What advice do you have for other women about heart disease?

There is already plenty of advice out there for women (and men) about how best to prevent or live with heart disease. People far above my pay grade are working hard advising women on eating healthy, maintaining a healthy weight, getting regular exercise, quitting smoking, controlling blood pressure/cholesterol, taking their meds, getting a good night’s sleep, managing chronic stress, building important social connections, and more. Don’t wait until you become a heart patient to start addressing significant lifestyle improvements that will not only help your heart, but make you feel a whole lot better every day. 

What I prefer to focus on is urging women (and men) to start acting like responsible grownups when it comes to their health. Knowledge is power. Do some homework. Make a plan. Then walk the talk.

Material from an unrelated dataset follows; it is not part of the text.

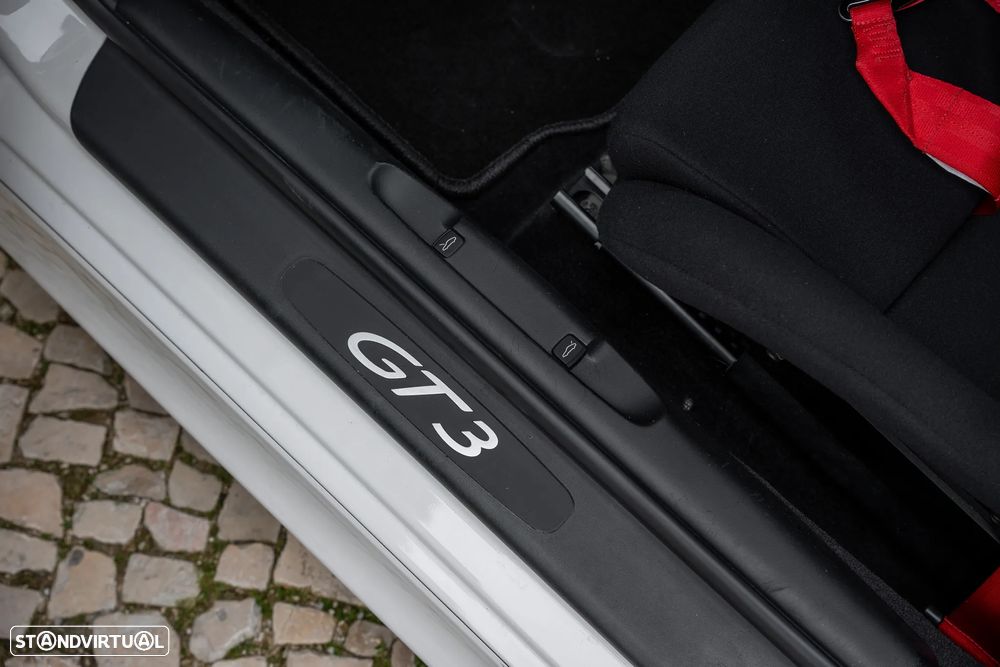 Porsche 911 (996) GT3 - 7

Start small, as the late tennis great Arthur Ashe once advised: “Start where you are. Use what you have. Do what you can.

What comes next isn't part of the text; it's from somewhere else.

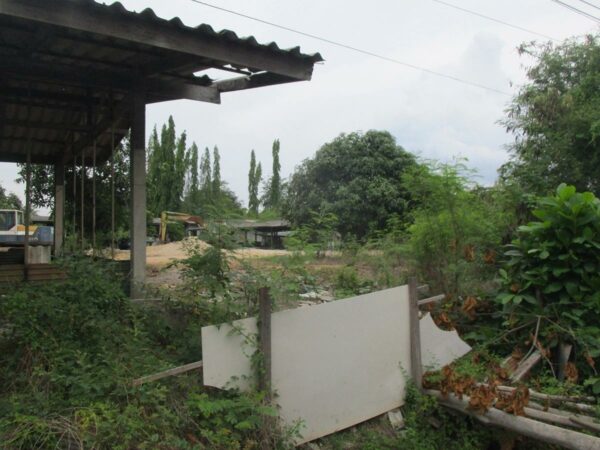 Covering building, Prachuap Khiri Khan _photo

Tell us about your involvement with The BMJ to be a Patient Reviewer for cardiology papers submitted to the journal for publication. 

The BMJ is unique among other medical journals in this innovative attempt at genuine inclusion of the patient voice where it really matters: in the published journal articles that physicians read, as part of their established peer review process. There are now about 300 of us volunteer patient reviewers for The BMJ around the world. I felt apprehensive in 2014 when facing the first cardiology paper I was asked to review. As I said in an email I later wrote (bit.ly/1SGUUW3) to The BMJ editor, I’m “a non-scientist who wouldn’t know a Hosmer-Lemeshow test from my left elbow at the best of times!” How on earth would I, a mere patient, know what to say or how to say it? So I carefully re-read The BMJ’s patient reviewer guidelines (bit.ly/1i5DDEc). The first question of those helpful guidelines is: “Is this an issue that matters to you, other patients, and carers?”

That really focused my attention on what I do know, and it turned out that the first paper was on a subject that I’d written at least two blog articles about. For any of your readers who are interested in learning more about how patient review works, The BMJ welcomes inquiries (bit.ly/1i5DDEc).

What is your main takeaway message for doctors?

I do have a couple of thoughts. One is Dr. William Osler’s famous reminder, which I’m paraphrasing here as: “LISTEN to your patient. She is telling you the diagnosis.
Secondly, I’m starting to believe that what we don’t need more of is yet another cardiac study concluding that (in the words of Laura Haywood-Cory, who survived a heart attack at age 40 caused by spontaneous coronary artery dissection): “Sucks to be female. Better luck next life!

As I urged in one of my Heart Sisters blog articles on cardiac gender bias (bit.ly/24TUWyL), what we need now is less talk and more walk when it comes to women’s cardiology diagnosis, care, and outcomes.

What’s next for you? 

Long ago, before I had to leave the workplace following my heart attack and subsequent cardiac issues, my 35+ year career had been spent working in public relations. My PR friends still tease me that what I’m doing now (writing and speaking) is just what happens when a PR person has a heart attack. It’s all we know how to do! This year, I’ll be focused on writing a book, which means far fewer new blog posts and even fewer of my public presentations on women’s heart health. My health has to come first these days, so any “what’s next?” future plans will depend on protecting that precious commodity.